In a real IoT environment, containing hundreds, thousands, even millions of IoT devices, gateways, and sensors, these classification mechanisms, Thing Type, Thing Group, and Thing Billing Group, will help to organize IoT assets.

Device Gateway and Message Broker
IoT Core provides a Device Gateway, which manages all active device connections. The Gateway currently supports MQTT, WebSockets, and HTTP 1.1 protocols. Behind the Message Gateway is a high-throughput pub/sub Message Broker, which securely transmits messages to and from all IoT devices and applications with low latency. Below, we see a typical AWS IoT Core architecture containing multiple Topics, Rules, and Actions.

AWS IoT Security
AWS IoT Core provides mutual authentication and encryption, ensuring all data is exchanged between AWS and the devices are secure by default.
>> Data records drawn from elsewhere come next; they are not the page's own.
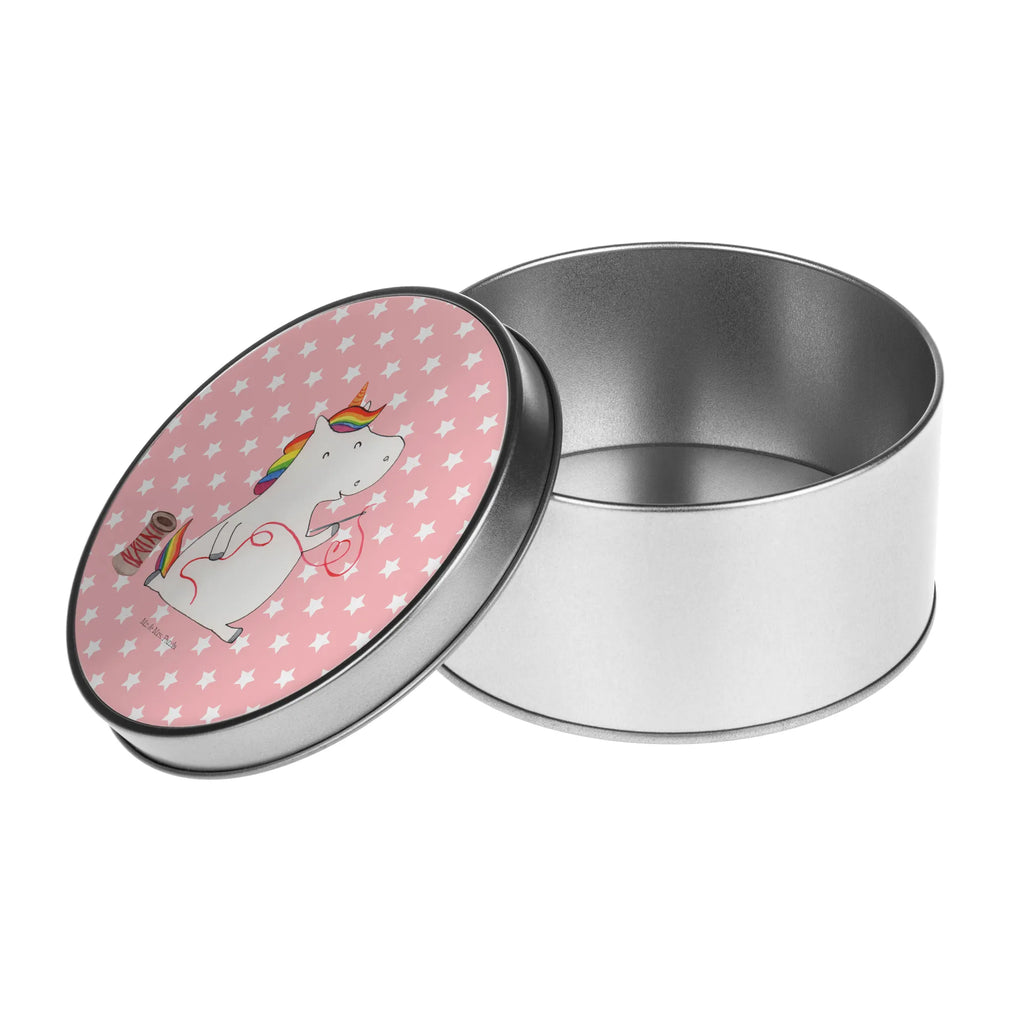 Round tin unicorn seamstress Aufbewahrungsbox, Vorratsdose, Runde Dose, Dose, Vorratsdosen, gebäckdose, runddosen, runde dosen, plätzchendosen, keksdosen, Metalldose Rund, Metalldose, dosen, Aufbewahrungsdose, Blechdose Rund, Geschenkdose, runddose, metalldosen, plätzchendose, metallboxen, runde keksdosen, Metallbox, Keksdose, runde blechdosen, Aufbewahrungsdosen, geschenkdosen, Blechdose, Runde Blechdose, gebäckdosen, blechdosen, runde keksdose, Unicorn, Einhorn, Einhörner, Einhorn Deko, Häkeln, Freundin, Nähen, Mädchen, Nähzimmer, Stricken, Näherin, Basteln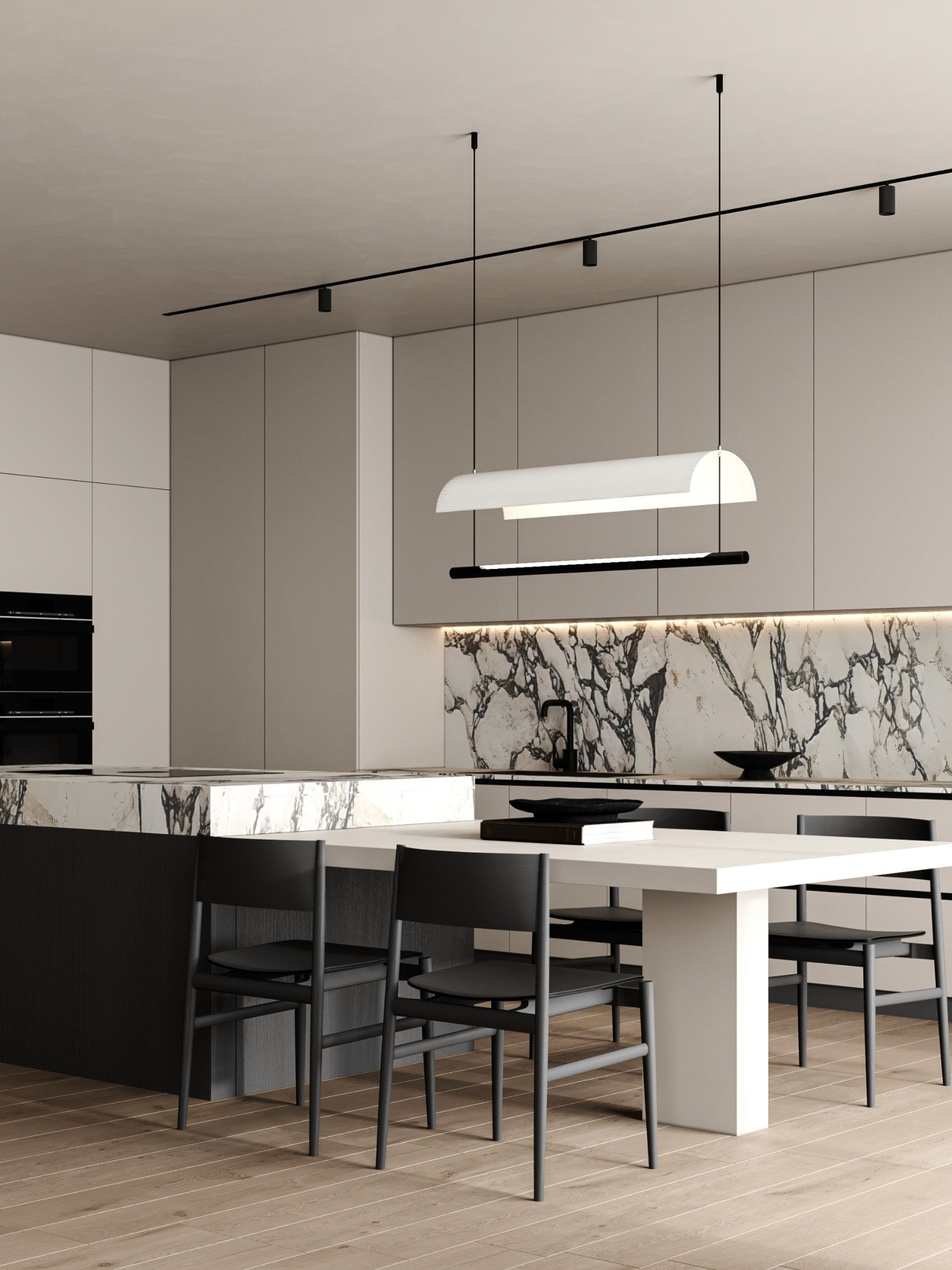 Modern Serenity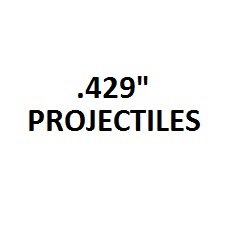 429 projectiles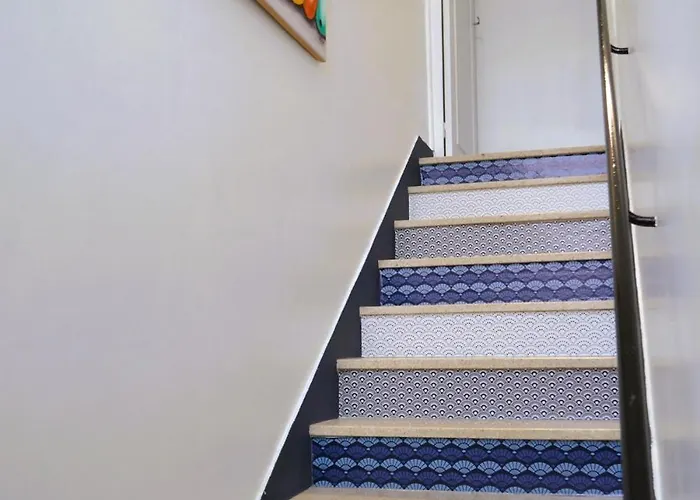 Au Bord De L'o 펜션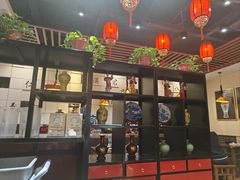 -满园烤鸭·春饼(太原街万达店)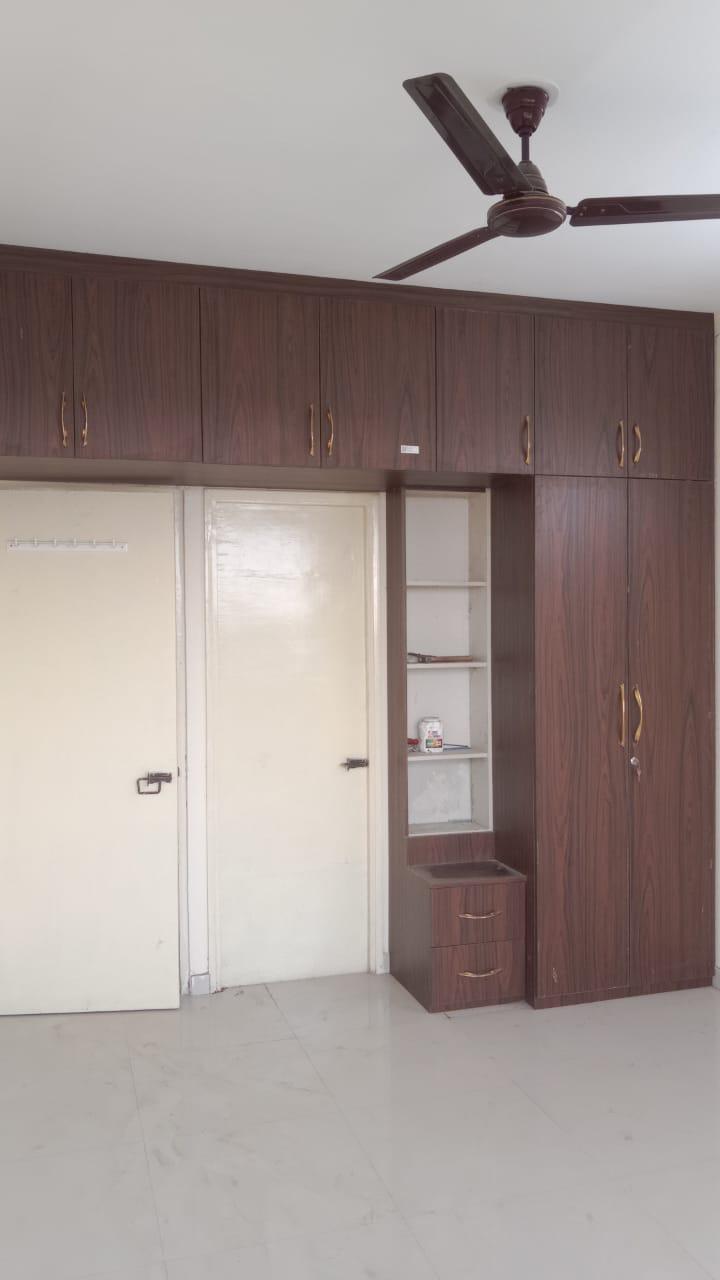 2 BHK Apartment For Rent in Pyramid Fusion Homes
In the demonstration, all data is sent securely using Transport Layer Security (TLS) 1.2 with X.509 digital certificates on port 443. Below, we see an example of an X.509 certificate assigned to the Thing, lora-iot-gateway-01
, which represents the physical IoT gateway. The X.509 certificate and the private key, generated using the AWS CLI, previously, are installed on the IoT gateway.

Authorization of the device to access any resource on AWS is controlled by AWS IoT Core Policies. These policies are similar to AWS IAM Policies. Below, we see an example of an AWS IoT Core Policy, LoRaDevicePolicy
, which is assigned to the IoT gateway.

AWS IoT Core Rules
Once an MQTT message is received from the IoT gateway (a thing), we use AWS IoT Rules to send message data to an AWS IoT Analytics Channel. Rules give your devices the ability to interact with AWS services. Rules are analyzed, and Actions are performed based on the MQTT topic stream. Below, we see an example rule that forwards our messages to an IoT Analytics Channel.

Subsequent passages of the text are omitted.